Depending on how the U.S Federal Reserve talks about inflation and its monetary policy insights for the next few months to come via this FOMC Statement, the USD will take center-stage and Forex conditions may become rather violent as Wednesday concludes. Day traders are advised to be very careful if they plan on trying to surf the waves caused by the Fed's storms which will certainly be stirred.
Thursday, 14th of December, E.U European Central Bank - the ECB will release its Main Refinancing Rate, Monetary Policy Statement and conduct its Press Conference. The last ECB event proved to be rather mundane. While some talking heads may try to make this coming event into must see television, many financial institutions likely expect the European Central Bank to say, "the E.U economies remain lackluster, there are glimmers of growth in some spheres, but recessionary problems are still evident", this while also mentioning inflation is observed to still be too strong, but showing signs of erosion. In other words, the EUR/USD is likely to remain USD centric according to existing behavioral sentiment that has been triggered earlier.
Friday, 15th of December, China, Industrial Production - the report is anticipated to show a better outcome than last month's figure. China skeptics will examine these reports carfully, as well investors with 'skin in the game' in the nation.

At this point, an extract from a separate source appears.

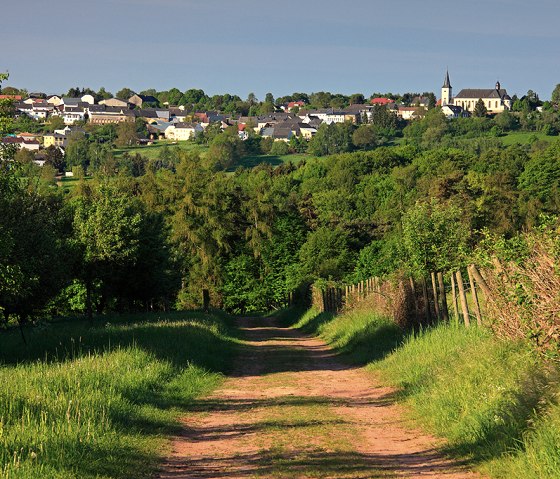 Ein Weg führt durch grüne Wiesen zu einem Dorf mit Kirche, umgeben von üppiger Vegetation unter blauem Himmel., © Naturpark Südeifel, Charly Schleder Ein Weg führt durch grüne Wiesen zu einem Dorf mit Kirche, umgeben von üppiger Vegetation unter blauem Himmel., © Naturpark Südeifel, Charly Schleder
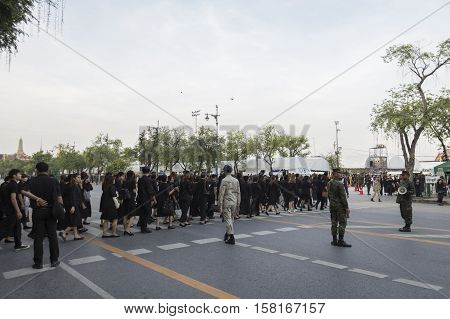 BANGKOK THAILAND - NOV 22 : moving of mourners line up on Ratchadamnoen Nai road in sanam luang area for into Grand Palace while the funeral of king Bhumibol Adulyadej on november 22 2016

Friday, 15th of December, E.U, U.K and U.S Manufacturing and Services PMI - these reports will be watched from the European Union nations, the United Kingdom and U.S, but the results will be filtered into existing sentiment which has been generated on Wednesday and Thursday from the Fed and ECB. Behavioral sentiment in Forex will likely look at the PMI results with vague interest levels. Traders should note that as the weekend approaches, there will be only one full week of trading left before the holiday season gets underway and financial markets begin to experience thin volumes.